Talysh Bible — Central Dialect New Testament

Overview

The Talysh Central Dialect New Testament (2018) is the first complete Scripture in the Central Talysh dialect, published by Körpü Company under its English trade name Korpu Company. Körpü (Azerbaijani: bridge) is a UK-based Bible translation organisation founded by Rev. Dr. Feridoon Mokhof, who began translating into minority Iranian languages in 1990 after becoming one of the first Azerbaijani Christians in post-revolutionary Iran. The organisation focuses specifically on the minority-language populations of Iran and the South Caucasus — communities that, in Mokhof's framing, exist as a "bridge" between Iranian and Turkic worlds and have historically received Scripture only in Farsi or Azerbaijani rather than their mother tongues. By January 2024, Körpü had dedicated twelve completed New Testaments at a ceremony in London; the Talysh Central Dialect NT is among its earlier publications.

The Central Dialect is spoken primarily in Gilan and Ardabil provinces of northwestern Iran, by a community that is predominantly Sunni Muslim — distinct in confession from the Shia Talysh of the Republic of Azerbaijan. Joshua Project classifies all three Talysh people groups (Azerbaijan, Iran, Russia) as Frontier/Unreached peoples at Progress Scale 1a, with Christian adherents below 0.1%. The 2018 NT uses the Perso-Arabic script, the natural writing system of the Iranian-based Central and Southern Talysh communities.

Language and People

Talysh (ISO 639-3: tly) is a Northwestern Iranian language within the Indo-European family, belonging to the Tatic branch alongside Tati and Zaza. Its closest relative is Tati. The language is spoken along the southwestern Caspian coast in two countries: approximately 591,000 speakers in the southern districts of the Republic of Azerbaijan (Lankaran, Astara, Lerik, Masally, Yardimli), and approximately 165,000 speakers in Gilan and Ardabil provinces of Iran. UNESCO classifies Talysh as vulnerable; total speaker estimates range from 500,000 to over one million depending on source and methodology, with figures in Azerbaijan systematically distorted by decades of census manipulation.

Talysh divides into three dialects.

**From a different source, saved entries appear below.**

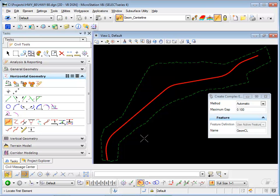And now I have a new horizontal alignment that ties exactly to the existing alignment at the very beginning and at the very end.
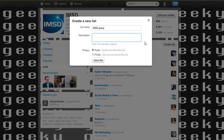Add a description for who the people are — members of the IMSD program. You can then select a public or a private list. A public list becomes available to everybody to see. A private list is one you're creating just for you; they don't know they've been put on a list and they won't be informed. We're going to recommend you create a private list for yourself to track.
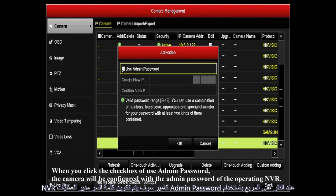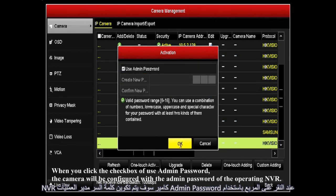When you click the checkbox of 'use admin password', the camera will be configured with the admin password of the operating NVR.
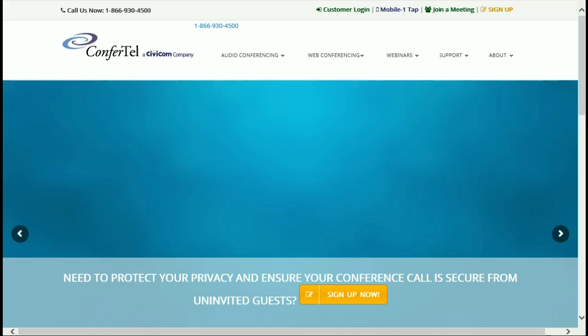First, open your web browser of choice and go to www.confortile.net. I do recommend saving our website to your favorites for easy access.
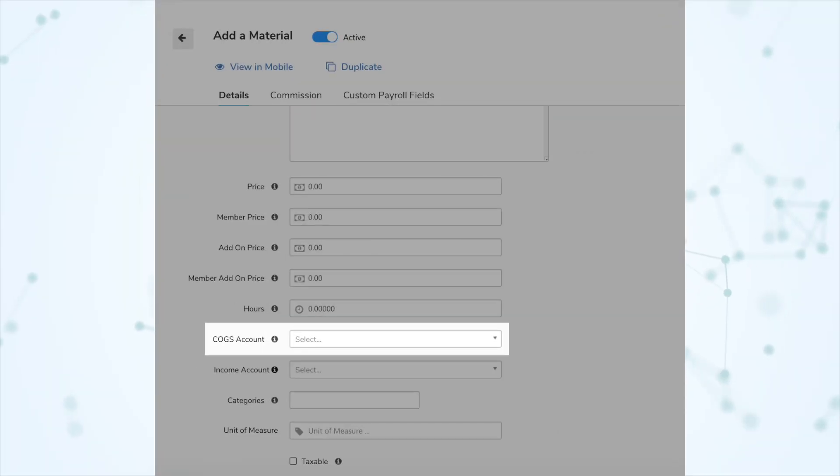Another detail that may trip some people up: once you've made this transition, if you go to add a material in your price book, there will be a new field — a COGS account, a cost of goods sold account. On the 2.0 connector, any material needs both an income account for when you sell that material and a cost of goods sold account for when you purchase that material. This goes back to the 2.0 web connector helping enforce more accurate bookkeeping, especially now that you can do inventory through Service Titan.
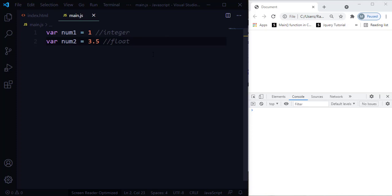Both integer and float come under the number data type. In other programming languages, if you want to declare an integer data type, you use 'int' as a keyword, and for floating-point values you use 'float'. But here in JavaScript, we just use 'var', 'let', or 'const' as a keyword, together with the variable name, to store the values. All those numbers come under the number data type.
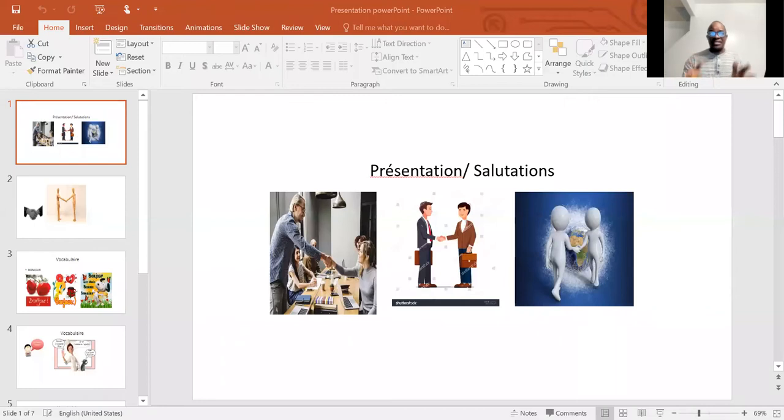We are going to learn words and expressions first, before working in a group of two classmates. Now let's go, let's share. I'm sharing this with you. And we are going to see — here is our lesson presentation: salutations.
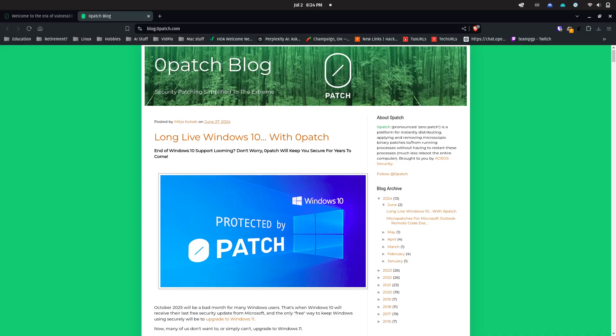Another option along the same lines is offered by an established third-party company, 0patch, which has now been proposed for Windows 10 at $25 per year for up to five years after the official end of life period. 0patch does already offer security update support for Windows 7 and Server 2008.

The Northern dialect is spoken in southern Azerbaijan and along the Iranian border strip, uses Latin-script orthography in Azerbaijan, and reflects Shia Muslim identity with centuries of Safavid influence. The Central dialect (this translation) is spoken in the Haviq-to-Rezvanshahr corridor of Gilan, Iran; linguists describe it as "the purest" of the three dialects, with features transitional between north and south. The Southern dialect is spoken further south in Shanderman, Masuleh, and Masal; it diverges enough from Northern that some linguists classify them as separate languages.

The Talysh Khanate (1747–1828), centred at Lankaran, was dissolved by Russia under the Treaty of Turkmenchay. Under Soviet rule an initial period of Talysh cultural promotion was reversed in 1937–38, when the Talysh alphabet was abolished, thousands were deported to Kazakhstan, and census manipulation reduced the officially recorded Talysh population from 87,510 in the 1939 Soviet census to just 85 in 1959. The 1993 proclamation of a short-lived Talysh-Mughan autonomous republic in southern Azerbaijan was suppressed within two months; its leader Alikram Hummatov was sentenced to death (later commuted; pardoned 2004 under Council of Europe pressure). In 2012, the Talysh-language newspaper Talysho Syado was shut down and its editor convicted of treason. The Republic of Azerbaijan permits a maximum of two hours per week of Talysh language instruction in schools, rarely realised in practice. In Iran, Talysh speakers face analogous state pressure favouring Persian.

Publishing and Organizations

Published by Körpü Company (Korpu Ltd.), a UK-based organisation working across Iran and the South Caucasus. Körpü employs approximately 73 staff including 58 translators and distributes Scripture via satellite television, digital platforms, and partner networks. Its published translations include NTs and portions in Southern Azeri, Mazandarani, Gilaki, Luri, Qashqai, Kurdish, Tati, Lari-Achomi, and both Northern and Central Talysh.